Tatsächlich wenden sich heute mehr und mehr Patienten an uns mit dem Gefühl einer inneren Leere, wie ich sie als „existenzielles Vakuum" beschrieben und bezeichnet habe, mit dem Gefühl einer abgründigen Sinnlosigkeit ihres Daseins. [...] Dieses Sinnlosigkeitsgefühl tritt in Erscheinung in Form von Gleichgültigkeit und Langeweile. Nun, die Langeweile kann, wie ja schon die Sprache lehrt, eine „tödliche” sein; tatsächlich wird von manchen Autoren behauptet, dass Selbstmorde letzten Endes auf jene innere Leere zurückzuführen seien, wie sie der existenziellen Frustration entspricht. Heute kommt all diesen Fragen eine besondere Aktualität zu. Wir leben in einer Zeit zunehmender Freizeit. Aber es gibt nicht nur eine Freizeit von etwas, sondern auch eine Freizeit zu etwas; der existenziell frustrierte Mensch jedoch kennt nichts, womit er sie ausfüllen könnte. [...] Wenn ich gefragt werde, wie ich mir die Heraufkunft dieses existenziellen Vakuums erkläre, dann pflege ich die folgende Kurzformel anzubieten: Im Gegensatz zum Tier sagen dem Menschen keine Instinkte, was er muss, und im Gegensatz zum Menschen von gestern sagen dem Menschen von heute keine Traditionen mehr, was er soll. Nun [...] scheint er oftmals nicht mehr recht zu wissen, was er im Grunde will. So will er denn nur das, was die anderen tun - Konformismus! Oder aber er tut nur das, was die anderen wollen - von ihm wollen - Totalitarismus. [..] [Immer wieder beobachten wir], wie das Bedürfnis und die Frage nach einem Lebenssinn gerade dann aufflammen, wenn es einem am dreckigsten geht. [...] Auf der anderen Seite beschwört [...] auch die Befriedigung der niederen Bedürfnisse, etwa im Rahmen der „Überflussgesellschaft” [die Sinn- frage herauf]. [...] Das existenzielle Vakuum kann auch larviert, maskiert bleiben, und wir kennen diverse Masken [...]. Denken wir bloß an die Krankheit der Manager, die sich aus ihrer Arbeitswut heraus in die Betriebsamkeit hineinstürzen, wobei der [...] „Wille zum Geld” [...] den Willen zum Sinn verdrängt! [...]

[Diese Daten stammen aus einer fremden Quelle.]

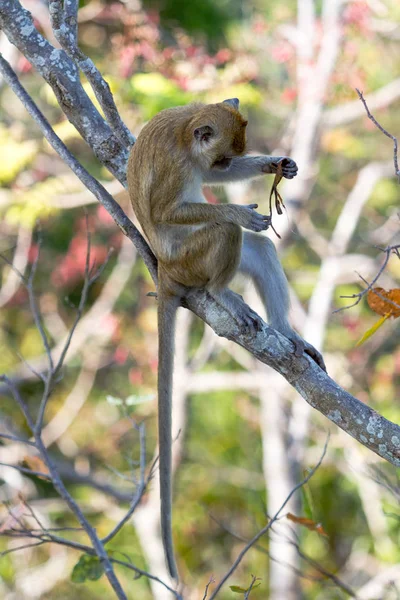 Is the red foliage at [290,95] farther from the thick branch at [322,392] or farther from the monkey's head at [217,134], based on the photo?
→ the thick branch at [322,392]

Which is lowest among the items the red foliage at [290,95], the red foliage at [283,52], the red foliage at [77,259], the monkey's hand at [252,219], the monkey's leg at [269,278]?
the monkey's hand at [252,219]

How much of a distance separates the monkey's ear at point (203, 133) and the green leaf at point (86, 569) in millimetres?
1981

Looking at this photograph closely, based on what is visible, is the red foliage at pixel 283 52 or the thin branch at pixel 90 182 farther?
the red foliage at pixel 283 52

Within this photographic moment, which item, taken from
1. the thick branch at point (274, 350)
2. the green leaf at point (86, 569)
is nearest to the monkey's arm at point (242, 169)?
the thick branch at point (274, 350)

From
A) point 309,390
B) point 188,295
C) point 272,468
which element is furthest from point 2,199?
point 309,390

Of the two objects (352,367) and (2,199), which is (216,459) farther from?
(2,199)

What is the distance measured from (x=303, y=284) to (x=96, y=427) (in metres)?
3.57

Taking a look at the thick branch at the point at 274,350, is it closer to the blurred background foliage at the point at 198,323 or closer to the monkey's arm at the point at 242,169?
the monkey's arm at the point at 242,169

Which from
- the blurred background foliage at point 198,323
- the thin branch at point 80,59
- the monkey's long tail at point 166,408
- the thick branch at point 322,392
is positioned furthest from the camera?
the blurred background foliage at point 198,323

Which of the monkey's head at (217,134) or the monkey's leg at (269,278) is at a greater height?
the monkey's head at (217,134)

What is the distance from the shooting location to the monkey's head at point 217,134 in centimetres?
339

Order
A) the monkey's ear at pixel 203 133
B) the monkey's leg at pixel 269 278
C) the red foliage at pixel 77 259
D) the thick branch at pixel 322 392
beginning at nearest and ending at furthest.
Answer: the thick branch at pixel 322 392
the monkey's ear at pixel 203 133
the monkey's leg at pixel 269 278
the red foliage at pixel 77 259

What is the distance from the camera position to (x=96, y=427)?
10461mm

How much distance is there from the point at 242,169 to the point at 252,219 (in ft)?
1.59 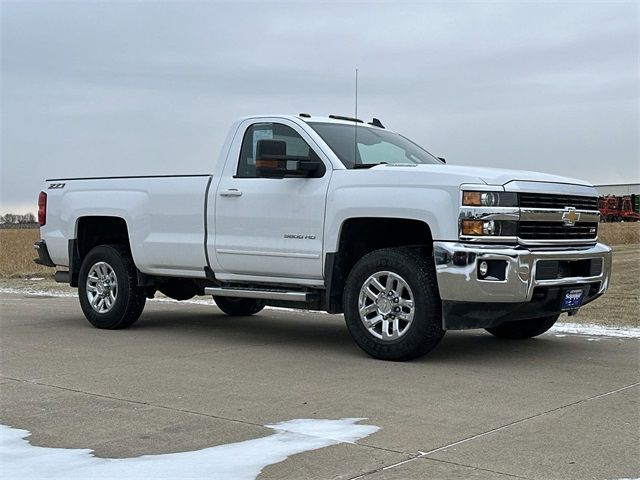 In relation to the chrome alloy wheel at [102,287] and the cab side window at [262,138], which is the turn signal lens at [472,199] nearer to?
the cab side window at [262,138]

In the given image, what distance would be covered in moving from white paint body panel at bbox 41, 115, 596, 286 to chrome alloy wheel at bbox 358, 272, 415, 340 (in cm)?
53

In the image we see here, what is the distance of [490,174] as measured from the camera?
739 cm

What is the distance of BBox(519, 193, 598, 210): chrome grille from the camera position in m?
7.39

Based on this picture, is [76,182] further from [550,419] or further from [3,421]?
[550,419]

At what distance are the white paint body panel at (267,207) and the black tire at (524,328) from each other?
57.4 inches

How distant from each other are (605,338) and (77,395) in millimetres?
5337

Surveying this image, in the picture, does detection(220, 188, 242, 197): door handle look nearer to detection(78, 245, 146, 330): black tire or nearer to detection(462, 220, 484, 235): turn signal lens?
detection(78, 245, 146, 330): black tire

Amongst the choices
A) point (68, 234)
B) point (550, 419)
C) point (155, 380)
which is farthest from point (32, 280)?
point (550, 419)

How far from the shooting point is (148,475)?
4.45 m

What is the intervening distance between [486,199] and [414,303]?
105cm

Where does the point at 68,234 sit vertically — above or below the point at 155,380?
above

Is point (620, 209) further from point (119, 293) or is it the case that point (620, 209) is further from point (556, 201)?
point (556, 201)

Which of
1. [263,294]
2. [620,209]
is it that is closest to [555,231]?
[263,294]

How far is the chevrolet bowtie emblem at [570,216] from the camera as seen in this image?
7758mm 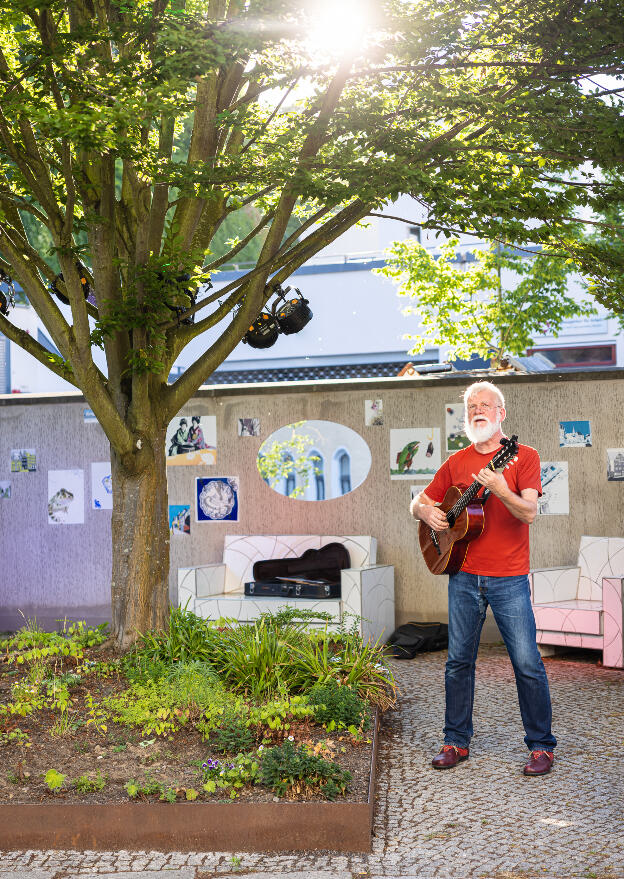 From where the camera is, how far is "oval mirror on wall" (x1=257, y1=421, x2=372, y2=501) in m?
8.27

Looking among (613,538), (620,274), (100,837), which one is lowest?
(100,837)

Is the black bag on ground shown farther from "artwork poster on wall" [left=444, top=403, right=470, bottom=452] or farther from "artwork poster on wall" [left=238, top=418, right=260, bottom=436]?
"artwork poster on wall" [left=238, top=418, right=260, bottom=436]

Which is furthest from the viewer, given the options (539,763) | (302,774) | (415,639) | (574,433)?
(574,433)

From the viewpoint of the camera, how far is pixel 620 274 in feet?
18.5

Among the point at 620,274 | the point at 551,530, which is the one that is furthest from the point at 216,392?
the point at 620,274

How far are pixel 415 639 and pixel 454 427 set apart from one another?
185 centimetres

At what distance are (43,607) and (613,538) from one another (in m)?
5.20

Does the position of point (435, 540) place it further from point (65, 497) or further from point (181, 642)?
point (65, 497)

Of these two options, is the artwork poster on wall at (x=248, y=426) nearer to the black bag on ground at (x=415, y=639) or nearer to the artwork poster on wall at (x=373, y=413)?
the artwork poster on wall at (x=373, y=413)

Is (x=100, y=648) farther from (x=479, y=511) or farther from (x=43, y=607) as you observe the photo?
(x=43, y=607)

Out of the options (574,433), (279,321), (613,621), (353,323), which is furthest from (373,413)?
(353,323)

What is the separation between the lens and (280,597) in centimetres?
712

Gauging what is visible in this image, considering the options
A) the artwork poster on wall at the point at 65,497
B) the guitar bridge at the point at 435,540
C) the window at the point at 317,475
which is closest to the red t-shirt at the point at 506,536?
the guitar bridge at the point at 435,540

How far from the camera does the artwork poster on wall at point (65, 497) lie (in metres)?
8.78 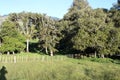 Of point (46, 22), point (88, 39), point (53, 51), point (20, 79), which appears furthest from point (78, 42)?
point (20, 79)

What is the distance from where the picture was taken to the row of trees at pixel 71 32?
72.3m

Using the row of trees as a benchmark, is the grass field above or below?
below

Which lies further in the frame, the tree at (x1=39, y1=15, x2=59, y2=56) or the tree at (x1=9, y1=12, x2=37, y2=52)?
the tree at (x1=9, y1=12, x2=37, y2=52)

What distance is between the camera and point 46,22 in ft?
311

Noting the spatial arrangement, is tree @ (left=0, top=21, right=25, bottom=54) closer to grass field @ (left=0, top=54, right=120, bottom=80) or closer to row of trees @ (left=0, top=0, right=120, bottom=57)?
row of trees @ (left=0, top=0, right=120, bottom=57)

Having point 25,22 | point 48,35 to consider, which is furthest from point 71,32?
point 25,22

Ich halte das beschleunigte Tempo des Lebens von heute für einen wenn auch vergeblichen Selbstheilungsversuch der existenziellen Frustration, denn je weniger der Mensch um ein Lebensziel weiß - nur desto mehr beschleunigt er auf seinem Lebensweg das Tempo. [...] Kein Psychiater, kein Psychotherapeut [...] kann einem Kranken sagen, was der Sinn ist, sehr wohl aber, dass das Leben einen Sinn hat, ja - mehr als dies: dass es diesen Sinn auch behält, unter allen Bedingungen und Umständen, und zwar dank der Möglichkeit, noch im Leiden Sinn zu finden. [...] [Auch der einfache Mann kann] kraft seines Willens zum Sinn kommen [...], und zwar auf drei Wegen. Zunächst einmal sieht er einen Sinn darin, etwas zu tun oder zu schaffen. Darüber hinaus sieht er einen Sinn darin, etwas zu erleben, jemanden zu lieben.
Alles anzeigen
Echt schwierig, wie macht ihr das?
Wurdest du in der Schule noch nie ungerecht benotet?